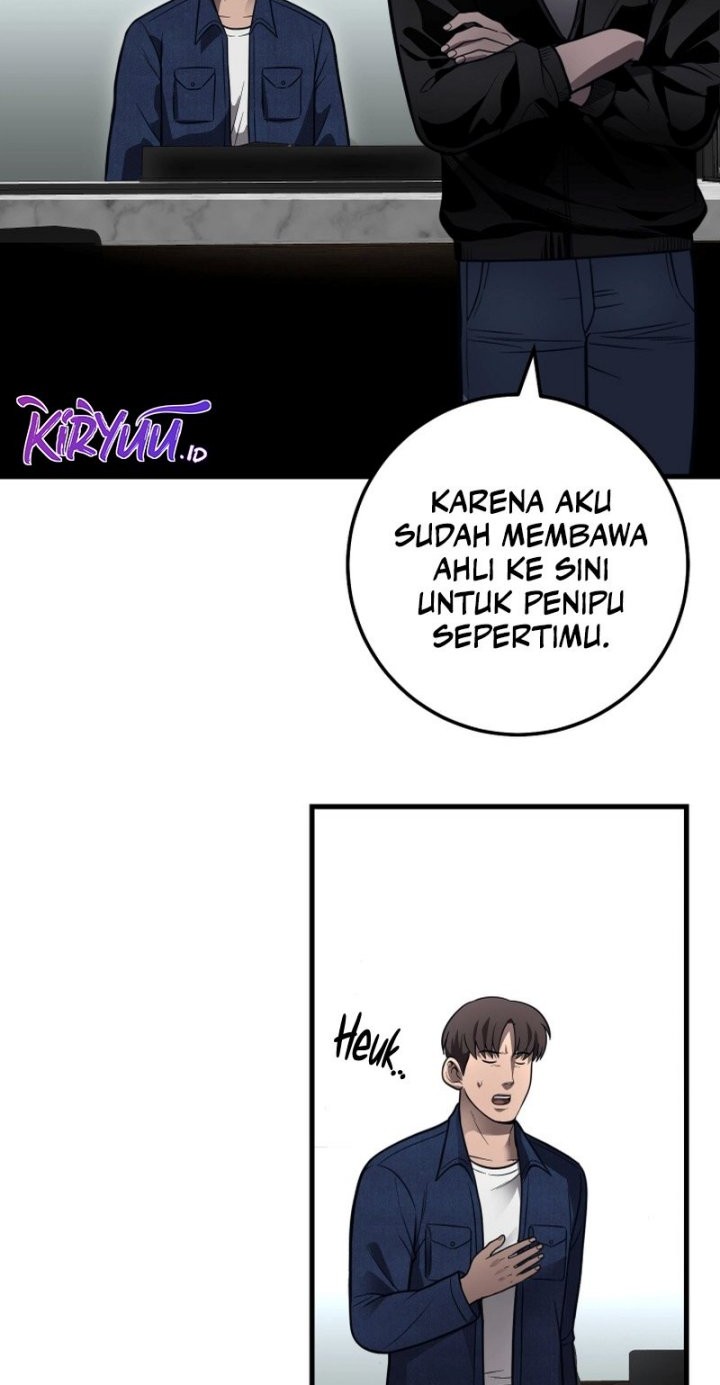 I’ll Be a Villain in This Life Chapter 29 - halaman 34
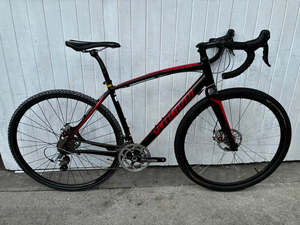 Specialized Secteur Gravel/Road DISC - Medium/Large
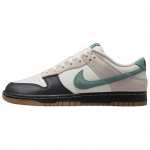 Nike Dunk Low Light Orewood Brown Bicoastal HQ3483-104 45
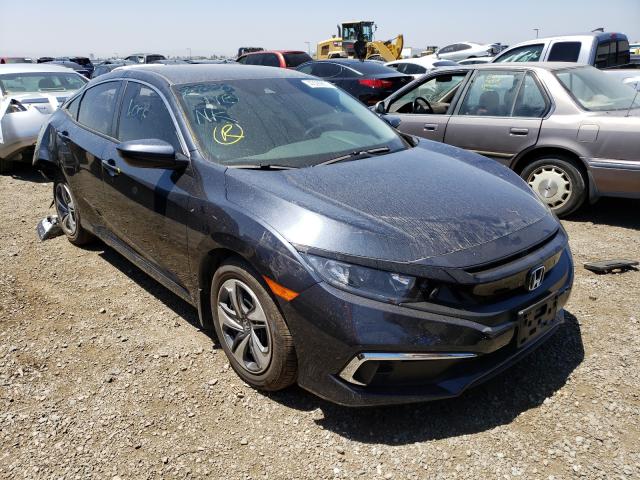 HONDA CIVIC LX 2019 2hgfc2f63kh573497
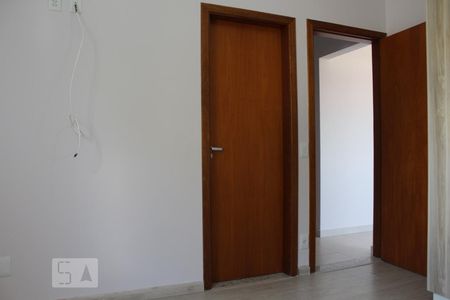 Quarto 1 - Suíte de apartamento à venda com 3 quartos, 77m² em Jardim Ermida I, Jundiaí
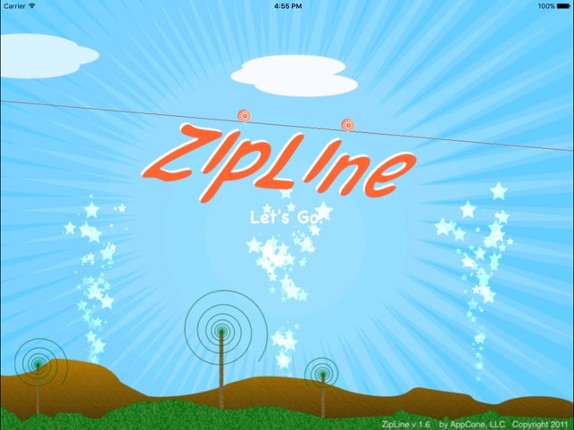 ZipLine Image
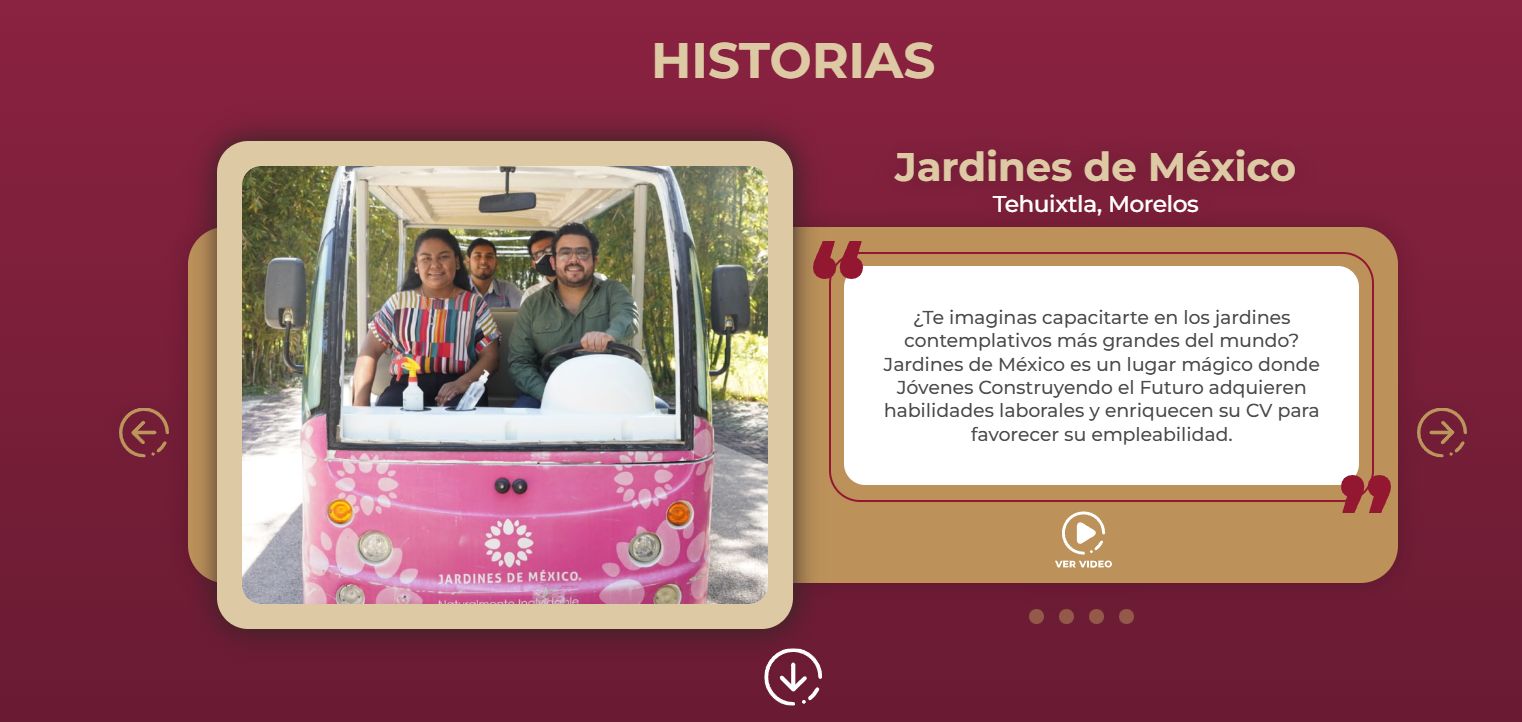 Jóvenes Construyendo el Futuro2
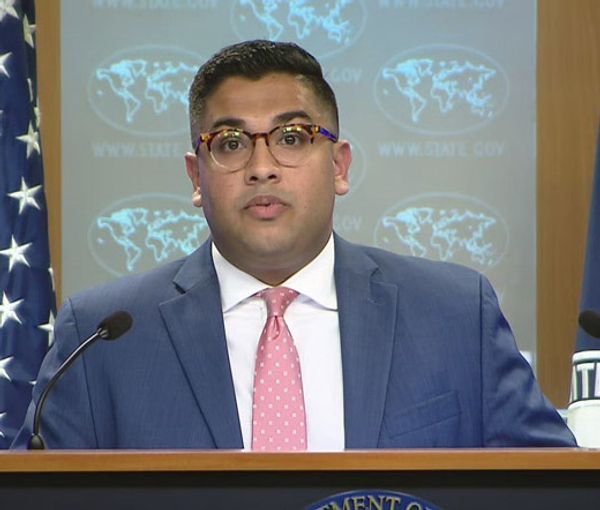 تحذير أميركي: إنتاج إيران لليورانيوم المخصب بنسبة 60% ليس له مبرر سلمي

^^^^^^^^^^^^^^^^

- _Assignment_
Please produce an exact copy of all the material, leaving out the pictures.

- _Expected answer_
 I’ll Be a Villain in This Life Chapter 29 - halaman 34
 Specialized Secteur Gravel/Road DISC - Medium/Large
 Nike Dunk Low Light Orewood Brown Bicoastal HQ3483-104 45
 HONDA CIVIC LX 2019 2hgfc2f63kh573497
 Quarto 1 - Suíte de apartamento à venda com 3 quartos, 77m² em Jardim Ermida I, Jundiaí
 ZipLine Image
 Jóvenes Construyendo el Futuro2
 تحذير أميركي: إنتاج إيران لليورانيوم المخصب بنسبة 60% ليس له مبرر سلمي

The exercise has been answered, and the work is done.